[Exercise]
From the first line down to the one containing "A photograph of", reproduce the entries below exactly and leave out the pictures.

[Exercise input]
%%
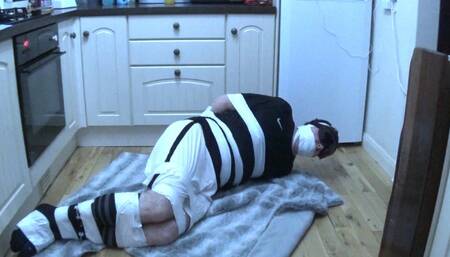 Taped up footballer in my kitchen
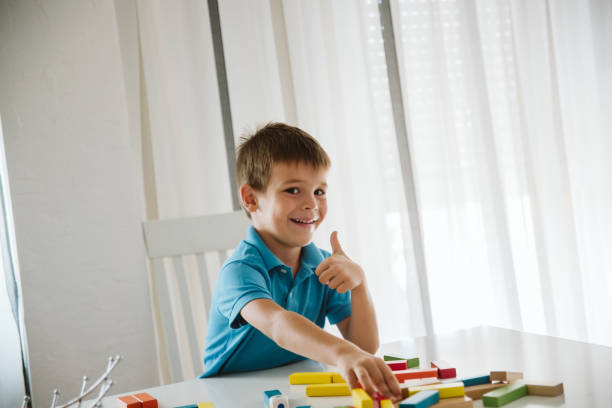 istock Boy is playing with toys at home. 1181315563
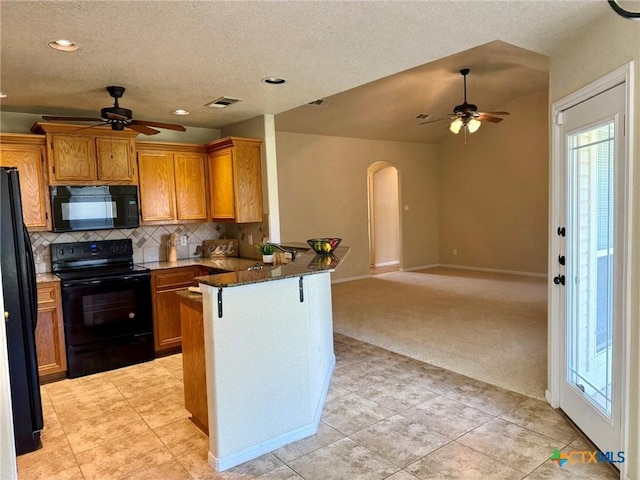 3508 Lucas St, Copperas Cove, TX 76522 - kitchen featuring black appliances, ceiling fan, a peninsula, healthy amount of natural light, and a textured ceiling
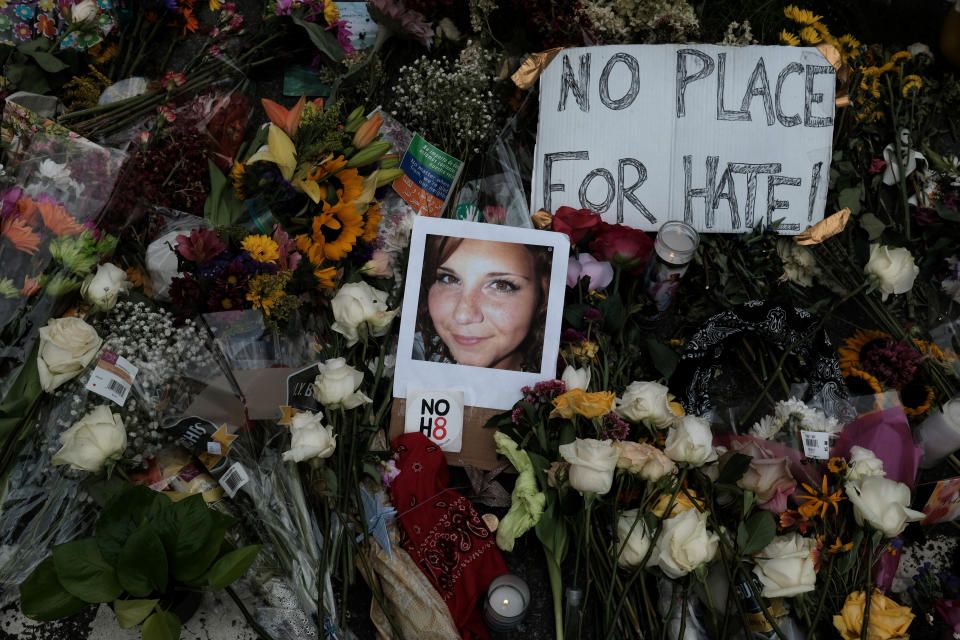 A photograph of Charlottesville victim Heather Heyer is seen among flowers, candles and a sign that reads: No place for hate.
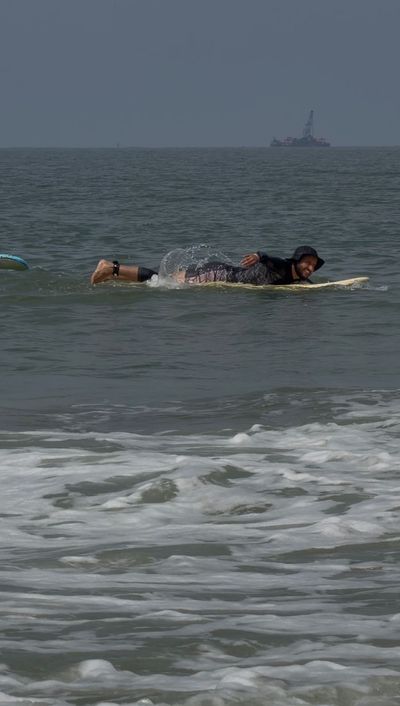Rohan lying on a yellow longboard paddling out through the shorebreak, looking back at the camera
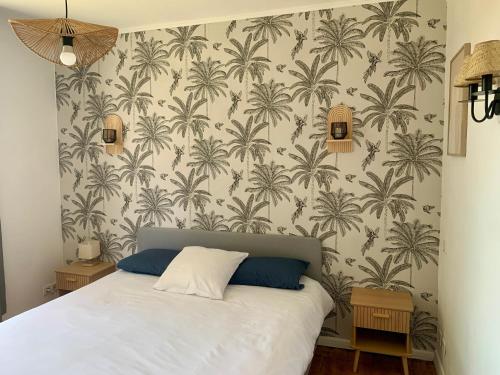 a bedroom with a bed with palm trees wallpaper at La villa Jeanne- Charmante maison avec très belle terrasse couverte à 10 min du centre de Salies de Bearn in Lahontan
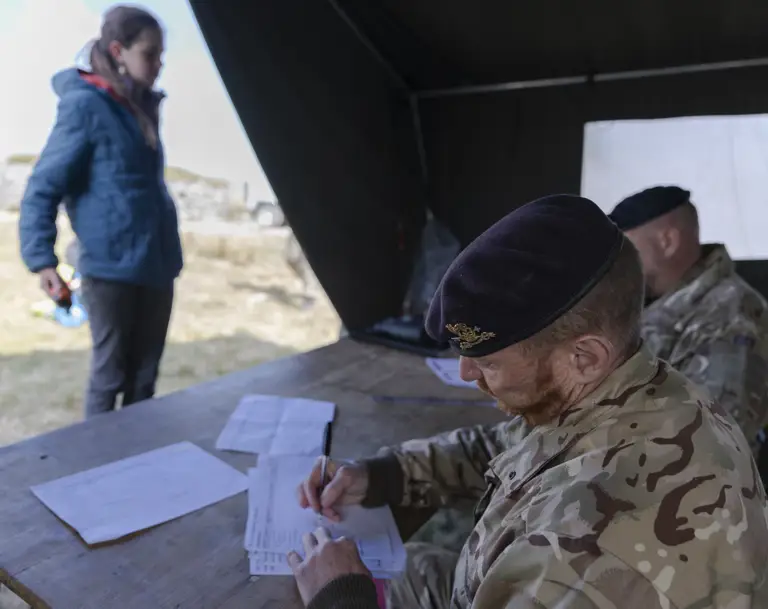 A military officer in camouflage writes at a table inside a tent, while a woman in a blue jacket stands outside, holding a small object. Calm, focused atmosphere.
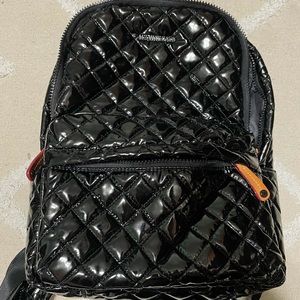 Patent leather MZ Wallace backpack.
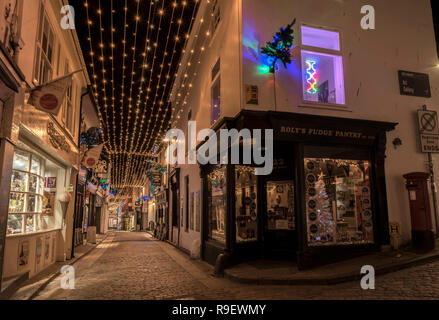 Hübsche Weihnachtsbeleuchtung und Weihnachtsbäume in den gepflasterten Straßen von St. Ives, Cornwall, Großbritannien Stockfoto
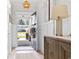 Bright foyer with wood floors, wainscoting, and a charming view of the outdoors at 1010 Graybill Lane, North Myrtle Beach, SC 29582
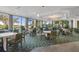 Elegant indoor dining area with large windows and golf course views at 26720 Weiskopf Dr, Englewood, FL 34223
%%
[Answer]
 Taped up footballer in my kitchen
 istock Boy is playing with toys at home. 1181315563
 3508 Lucas St, Copperas Cove, TX 76522 - kitchen featuring black appliances, ceiling fan, a peninsula, healthy amount of natural light, and a textured ceiling
 A photograph of Charlottesville victim Heather Heyer is seen among flowers, candles and a sign that reads: No place for hate.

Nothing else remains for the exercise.